What is Bitcoin?
What is Bitcoin? How is Bitcoin used and where does it derive its value? More than a simple investment, Bitcoin (or BTC) is a digital currency that was created in January 2009 that offers lower transaction fees than traditional online payment options, with the ability to make peer-to-peer payments.
Because Bitcoin is digital, like other cryptocurrencies, there are no physical Bitcoins. Instead, balances are stored on a public ledger (Bitcoin’s blockchain), which everyone can access.

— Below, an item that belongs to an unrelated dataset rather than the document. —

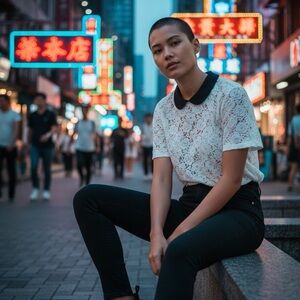 Equipment Femme Crocheted, Lace Womens Blouse size Small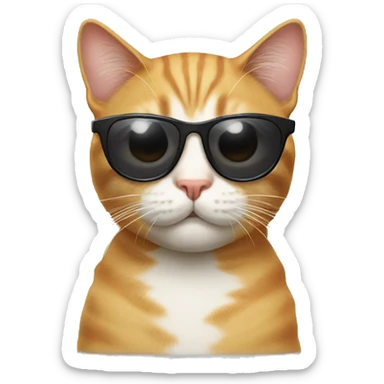Cat with sunglasses sticker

It can be used to buy products and services (assuming a seller accepts BTC as a form of payment), and has also grown in popularity as an investment over the years - particularly since 2020, which saw a great deal of institutional buy-in.
Unlike fiat currencies, which are managed by centralised governments, Bitcoin is decentralised with no central authority.
If you are a Bitcoin investor, or interested in investing in Bitcoin for the first time, it is important to educate and inform yourself about the cryptocurrency, beyond the search for a return on investment.
How does Bitcoin work?
To understand the nature of Bitcoin better, let’s look at a concrete example of how traditional money transfers work.
If you are renting an apartment from someone, you could send your rent directly to that person. However, this can be difficult, time consuming or even unsafe if you don’t live in the same location as this person, if you need to frequently make this transaction, or if you don’t know them well (and therefore aren’t comfortable trusting them with your money).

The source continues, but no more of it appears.